New research by the University of Miami and University of Colorado Boulder, US, investigates whether the patient-clinician relationship has an impact on pain.
The study, Feelings of clinician-patient similarity and trust influence pain: evidence from simulated clinical interactions, is published in the American Pain Society’s Journal of Pain. According to the abstract, the clinician-patient relationship is particularly important for pain diagnosis and treatment, yet the effects of the clinician-patient relationship on pain remain under-examined.
The researchers involved in the study, Dr Elizabeth Losin and Dr Tor Wager, and graduate student Steven Anderson, tested the hypothesis that patients who believe they share core beliefs and values with their clinician will report less pain than patients who do not and also measured feelings of perceived clinician-patient similarity and trust to see if these factors had an effect on pain.
They did this by experimentally manipulating perceptions of similarity between participants playing the role of clinicians and participants playing the role of patients in simulated clinical interactions.
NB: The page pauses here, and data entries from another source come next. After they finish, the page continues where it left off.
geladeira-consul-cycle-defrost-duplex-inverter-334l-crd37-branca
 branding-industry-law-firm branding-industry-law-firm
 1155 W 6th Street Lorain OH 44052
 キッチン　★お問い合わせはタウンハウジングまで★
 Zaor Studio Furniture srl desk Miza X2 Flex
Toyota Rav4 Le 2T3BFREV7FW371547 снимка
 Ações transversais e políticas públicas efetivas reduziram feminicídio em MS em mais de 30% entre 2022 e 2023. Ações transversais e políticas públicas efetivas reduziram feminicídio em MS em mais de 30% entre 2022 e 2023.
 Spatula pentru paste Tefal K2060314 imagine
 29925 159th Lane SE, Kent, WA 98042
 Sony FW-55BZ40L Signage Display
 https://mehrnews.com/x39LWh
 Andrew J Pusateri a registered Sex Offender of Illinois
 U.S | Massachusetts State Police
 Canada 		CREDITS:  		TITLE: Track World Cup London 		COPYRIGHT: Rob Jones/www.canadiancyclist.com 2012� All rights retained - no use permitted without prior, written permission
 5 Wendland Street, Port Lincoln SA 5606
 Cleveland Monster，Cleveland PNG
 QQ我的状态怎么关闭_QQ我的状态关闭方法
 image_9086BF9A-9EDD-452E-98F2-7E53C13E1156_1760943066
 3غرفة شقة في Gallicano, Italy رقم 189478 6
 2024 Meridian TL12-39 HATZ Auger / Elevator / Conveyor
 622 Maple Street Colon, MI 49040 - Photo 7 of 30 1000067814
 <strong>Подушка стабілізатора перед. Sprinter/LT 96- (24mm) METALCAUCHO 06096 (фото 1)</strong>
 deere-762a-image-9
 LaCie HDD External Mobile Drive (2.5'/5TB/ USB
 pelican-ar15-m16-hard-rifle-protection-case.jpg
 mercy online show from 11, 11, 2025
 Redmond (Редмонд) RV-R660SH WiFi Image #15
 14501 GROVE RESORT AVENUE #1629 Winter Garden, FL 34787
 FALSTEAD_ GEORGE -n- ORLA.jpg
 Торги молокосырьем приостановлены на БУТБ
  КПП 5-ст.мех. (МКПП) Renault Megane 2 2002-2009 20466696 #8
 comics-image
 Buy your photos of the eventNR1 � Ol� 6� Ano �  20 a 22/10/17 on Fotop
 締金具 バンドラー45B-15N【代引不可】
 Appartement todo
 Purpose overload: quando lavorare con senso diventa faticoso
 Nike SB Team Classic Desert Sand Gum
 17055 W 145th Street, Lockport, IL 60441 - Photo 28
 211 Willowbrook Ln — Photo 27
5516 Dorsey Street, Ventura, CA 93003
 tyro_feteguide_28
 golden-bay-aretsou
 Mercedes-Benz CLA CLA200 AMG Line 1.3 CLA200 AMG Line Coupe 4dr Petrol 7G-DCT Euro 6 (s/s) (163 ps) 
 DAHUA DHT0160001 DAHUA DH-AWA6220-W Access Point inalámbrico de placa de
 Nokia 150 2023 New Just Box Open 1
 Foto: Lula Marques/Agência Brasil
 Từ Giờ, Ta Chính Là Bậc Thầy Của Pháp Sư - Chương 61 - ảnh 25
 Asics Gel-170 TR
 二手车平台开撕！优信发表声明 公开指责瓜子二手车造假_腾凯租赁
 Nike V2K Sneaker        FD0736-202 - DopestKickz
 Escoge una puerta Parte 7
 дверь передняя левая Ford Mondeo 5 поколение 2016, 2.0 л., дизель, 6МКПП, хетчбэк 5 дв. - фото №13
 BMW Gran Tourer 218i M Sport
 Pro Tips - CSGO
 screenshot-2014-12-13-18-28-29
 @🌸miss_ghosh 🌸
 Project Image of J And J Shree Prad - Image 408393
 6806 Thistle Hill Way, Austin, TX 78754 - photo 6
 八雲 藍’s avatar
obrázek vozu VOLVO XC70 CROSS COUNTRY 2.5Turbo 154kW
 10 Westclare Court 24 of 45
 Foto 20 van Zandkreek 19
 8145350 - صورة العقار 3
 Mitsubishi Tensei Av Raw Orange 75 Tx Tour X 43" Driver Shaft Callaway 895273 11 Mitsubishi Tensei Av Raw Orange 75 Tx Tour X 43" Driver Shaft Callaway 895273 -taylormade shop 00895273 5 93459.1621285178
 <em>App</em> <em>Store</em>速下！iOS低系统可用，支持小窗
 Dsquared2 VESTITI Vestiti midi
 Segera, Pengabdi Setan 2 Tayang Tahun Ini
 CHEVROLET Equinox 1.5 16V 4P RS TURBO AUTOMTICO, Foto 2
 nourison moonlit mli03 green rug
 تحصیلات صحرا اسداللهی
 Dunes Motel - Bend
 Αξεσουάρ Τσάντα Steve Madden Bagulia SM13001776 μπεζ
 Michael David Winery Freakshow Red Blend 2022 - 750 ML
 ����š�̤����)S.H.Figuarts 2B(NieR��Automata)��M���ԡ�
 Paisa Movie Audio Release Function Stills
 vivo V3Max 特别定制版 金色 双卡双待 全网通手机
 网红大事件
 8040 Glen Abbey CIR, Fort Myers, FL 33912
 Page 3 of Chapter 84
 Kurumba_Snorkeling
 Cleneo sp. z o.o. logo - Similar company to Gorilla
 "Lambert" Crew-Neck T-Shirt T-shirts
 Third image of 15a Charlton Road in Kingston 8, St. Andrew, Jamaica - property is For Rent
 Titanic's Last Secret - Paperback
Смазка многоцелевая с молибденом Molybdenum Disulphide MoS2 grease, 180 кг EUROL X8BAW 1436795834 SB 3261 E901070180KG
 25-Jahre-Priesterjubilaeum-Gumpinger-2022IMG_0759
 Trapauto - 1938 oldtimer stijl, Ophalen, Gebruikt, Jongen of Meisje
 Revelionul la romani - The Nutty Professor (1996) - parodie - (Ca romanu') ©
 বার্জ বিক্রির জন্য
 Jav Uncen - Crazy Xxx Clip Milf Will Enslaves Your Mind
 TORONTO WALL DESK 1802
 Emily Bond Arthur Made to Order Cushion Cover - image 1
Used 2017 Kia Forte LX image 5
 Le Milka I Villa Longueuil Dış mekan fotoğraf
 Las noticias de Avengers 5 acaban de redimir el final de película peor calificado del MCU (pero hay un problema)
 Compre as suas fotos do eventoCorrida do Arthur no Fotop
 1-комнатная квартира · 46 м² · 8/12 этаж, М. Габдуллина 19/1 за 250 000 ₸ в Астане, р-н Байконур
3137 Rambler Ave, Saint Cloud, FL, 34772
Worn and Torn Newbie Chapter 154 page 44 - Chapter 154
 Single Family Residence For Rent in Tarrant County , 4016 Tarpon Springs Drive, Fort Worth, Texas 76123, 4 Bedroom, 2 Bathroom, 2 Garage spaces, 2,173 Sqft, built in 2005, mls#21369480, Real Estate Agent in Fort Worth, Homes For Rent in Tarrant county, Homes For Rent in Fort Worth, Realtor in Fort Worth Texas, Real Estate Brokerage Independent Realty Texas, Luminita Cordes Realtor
Participants were placed in one of two groups according to their responses to a questionnaire about their personal beliefs and values, and painful thermal stimulation was used as an analogue of a painful medical procedure.
The researchers found that patients reported feeling more similarity and trust toward their clinician when they were paired with clinicians from their own group and patients’ positive feelings of similarity and trust toward their clinicians predicted lower pain ratings. Also, that the most anxious patients demonstrated the strongest relationship between their feelings about their clinicians and their pain report.